**Material provided**
◆ ◆ ◆

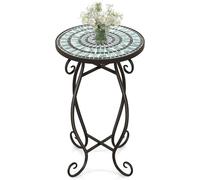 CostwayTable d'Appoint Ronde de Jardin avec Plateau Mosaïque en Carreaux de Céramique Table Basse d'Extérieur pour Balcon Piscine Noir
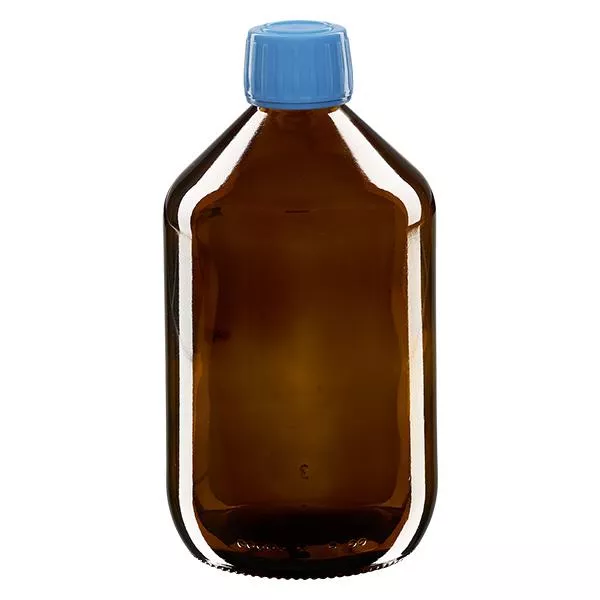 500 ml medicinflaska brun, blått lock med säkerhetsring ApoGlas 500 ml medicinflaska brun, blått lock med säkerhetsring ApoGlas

◆ ◆ ◆

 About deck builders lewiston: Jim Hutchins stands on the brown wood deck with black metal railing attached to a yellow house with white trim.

◆ ◆ ◆

After locating "CostwayTable d'Appoint Ronde" and "säkerhetsring ApoGlas 500" in the records above, return exactly the line holding each one and every line between them; leave out the pictures.

**Solution to this exercise**
 CostwayTable d'Appoint Ronde de Jardin avec Plateau Mosaïque en Carreaux de Céramique Table Basse d'Extérieur pour Balcon Piscine Noir
 500 ml medicinflaska brun, blått lock med säkerhetsring ApoGlas 500 ml medicinflaska brun, blått lock med säkerhetsring ApoGlas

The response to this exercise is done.